Yes, there is. It’s reducing consumption. But that is the last thing my wealthy western-lifestyle-acclimated colleagues want to hear, and when they DO hear it, they shrug it off.
Here is a link to an article by Michael Shellenberger on issues surrounding solar. Many of the same issues affect hydro and wind, and he doesn’t even bring up some of the worst parts of these so-called “renewable” sources.
https://www.forbes.com/sites/michaelshellenberger/2021/06/21/why-everything-they-said-about-solar—including-that-its-clean-and-cheap—was-wrong/
NB: I don’t particularly agree with Shellenberger in general, although he does bring up excellent points about solar, because he’s a proponent of going all-in on nuclear energy production. IOW, he’s not a realist about reducing consumption in the West, either, he just thinks that people are fooling themselves with a focus on solar. Which they are, of course, but I think that he’s fooling himself with his focus on nuclear as a universal palliative, and both are done merely because none of these people have the guts to say that as a society we owe it to the world to cut back on our massive (and increasing) consumption of resources and power. There are plenty of other sources out there on the internet, including reporting by the Guardian, about the massive ecological disaster that rare-earth mining in China in support of magnet and solar production is having on entire regions, too, so Shellenberger’s article above is not the only source of disturbing dissent.
This. So much this. And moving to the moon (and where do they think they’ll get the resources to survive on the moon, if they could even do it? By stripping the Earth of what little we leave of it, leaving those who are behind starving and turning the Earth into a wasteland). Now, though, it’s Mars, which is even more difficult – further away, damn cold. Oh, we found liquid water! Yeah, but not much. Oh, we’ll build a dome! Yeah, with materials we carry from Earth.
I’m sick of all of ’em.
And as for carrying materials from Earth to Mars – I watched an episode of NOVA the other day about the physics of getting rockets launched, the upshot of which is that it requires such a vast amount of fuel that the actual payload can only EVER be a tiny fraction. Good luck getting people to Mars before the planet is toast.
Yeah, I’ve made that point a few times, too, but most of the Moon/Mars living crowd are so obsessed they can’t hear. They have all these explanations for how it will work. None of them feasible.
We could probably save every ecosystem on Earth for what it would cost to keep two people alive on the moon, let alone Mars.

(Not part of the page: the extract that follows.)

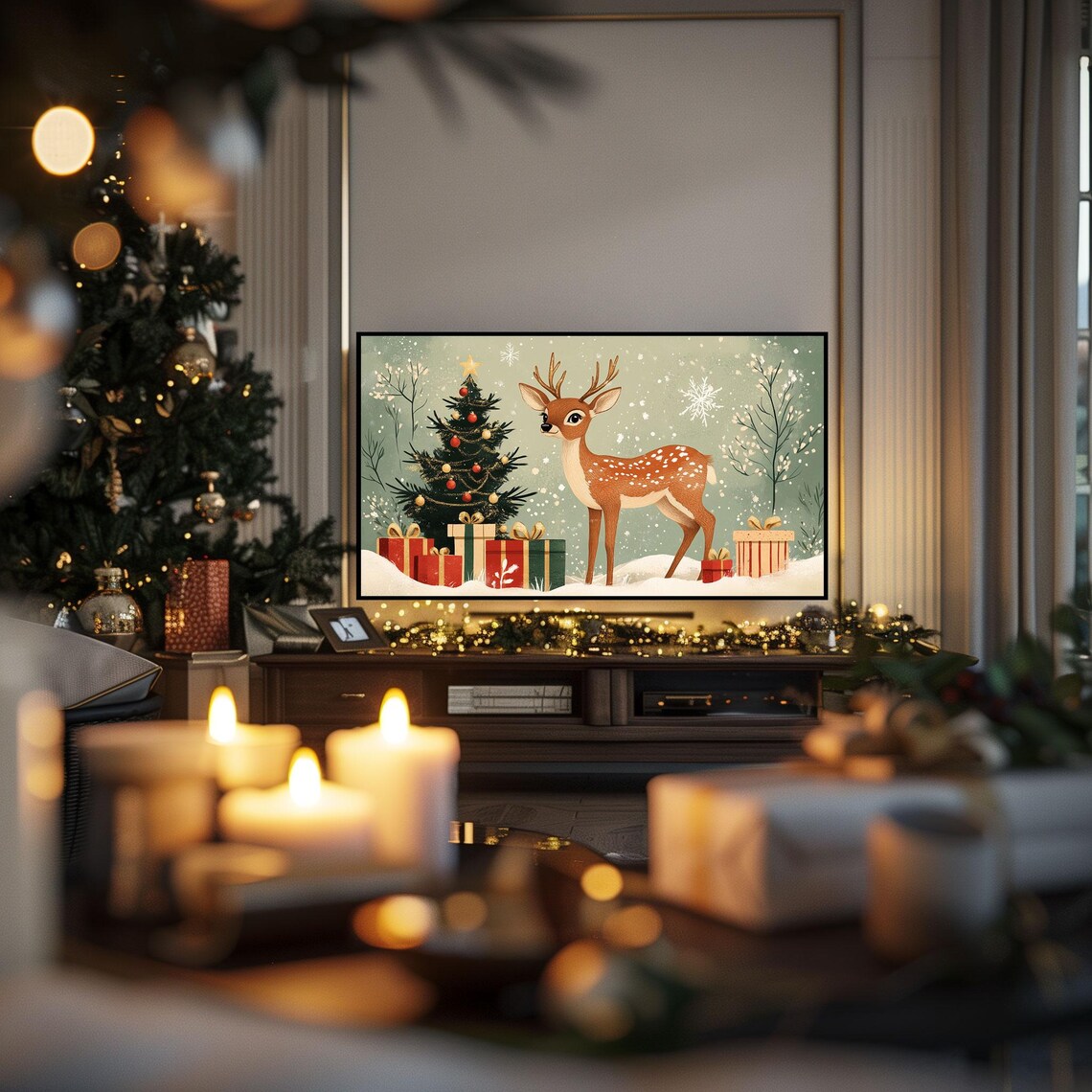 Vintage Christmas Deer With Tree And Gifts Snowy Scene Art Poster - Image 3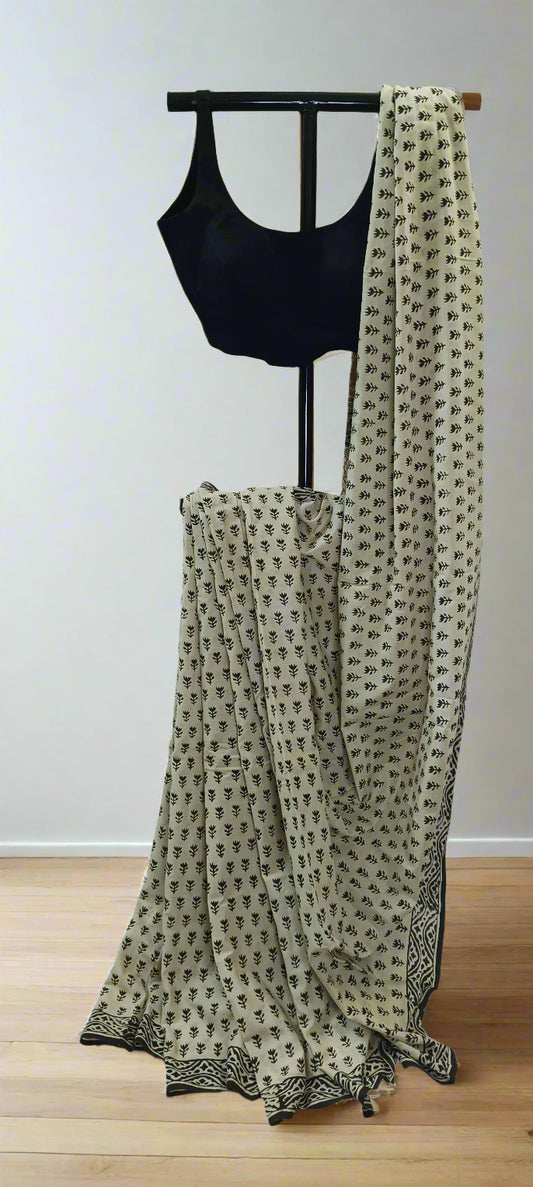 Moon-Ink Maheshwari Dhabu Print Saree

Earth ravaged by climate disaster is far more hospitable than the Moon, Mars, or the cold void of space. A great pitch for a show or drama-rich people fighting amongst themselves for scraps on a spaceship as the reality of leaving earth sets in. Could be your next play iknklast if you haven’t already written it. :)
Years ago I saw something on a poster, or t-shirt or something that has stuck with me since:
“Live simply, that others may simply live.”
I think it is asking a bit much to have expected action fifty years ago. My clear recollection of forty-five years ago is that the period of stable or slightly falling global temperatures recorded from 1940-1980 led expert opinion to the conclusion that such elevevation of CO2 levels as anthropogenic activity was then causing, was likely having the effect of merely balancing the long term trend towards the end of the current interglacial. That certainly was the position of one of my science teachers, who as a member of the local executive of Friends of the Earth, decried worries about CO2 as a scare story amplified by the nuclear industry.